= Ray Bennigsen =

American business executive (1902–1986)

Ray C. Bennigsen (1902–1986) was an American business executive who served as president of the Chicago Cardinals of the National Football League (NFL) from 1947 to 1951.

Bennigsen joined Bentley, Murray and Co., a printing company owned by Charles Bidwill, in 1927 as a salesman. Bennigsen eventually became Bidwell's right-hand man and assisted with all of his businesses, which included the printing company, the Chicago Cardinals, the Chicago Bluebirds of the National Girls Baseball League, Hawthorne Race Course, and Sportsman's Park. Following Bidwell's death in 1947, Bennigsen took over as president of the Cardinals. The Cardinals would win the 1947 NFL Championship Game and repeat as western conference champions in 1948, but struggled during the next two seasons. He resigned in the summer of 1951 and was succeeded by Charles Bidwill Jr.

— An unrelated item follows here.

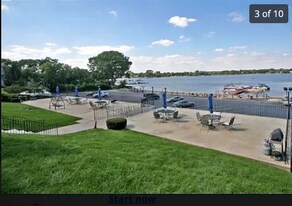 213 E Liberty St, Unit 8 in Wauconda, IL - Building Photo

After leaving the Cardinals, Benningsen served as a vice president at another printing company (Hillison & Etten) and was part owner of Fairmount Park Racetrack. During a 1960 stalemate over the selection of a new National Football League Commissioner, Art Rooney proposed Bennigsen as a compromise candidate. Another compromise candidate, Los Angeles Rams general manager Pete Rozelle, would be hired four days later. Bennigsen died on September 29, 1986, at his home in Winnetka, Illinois. He was 83 years old.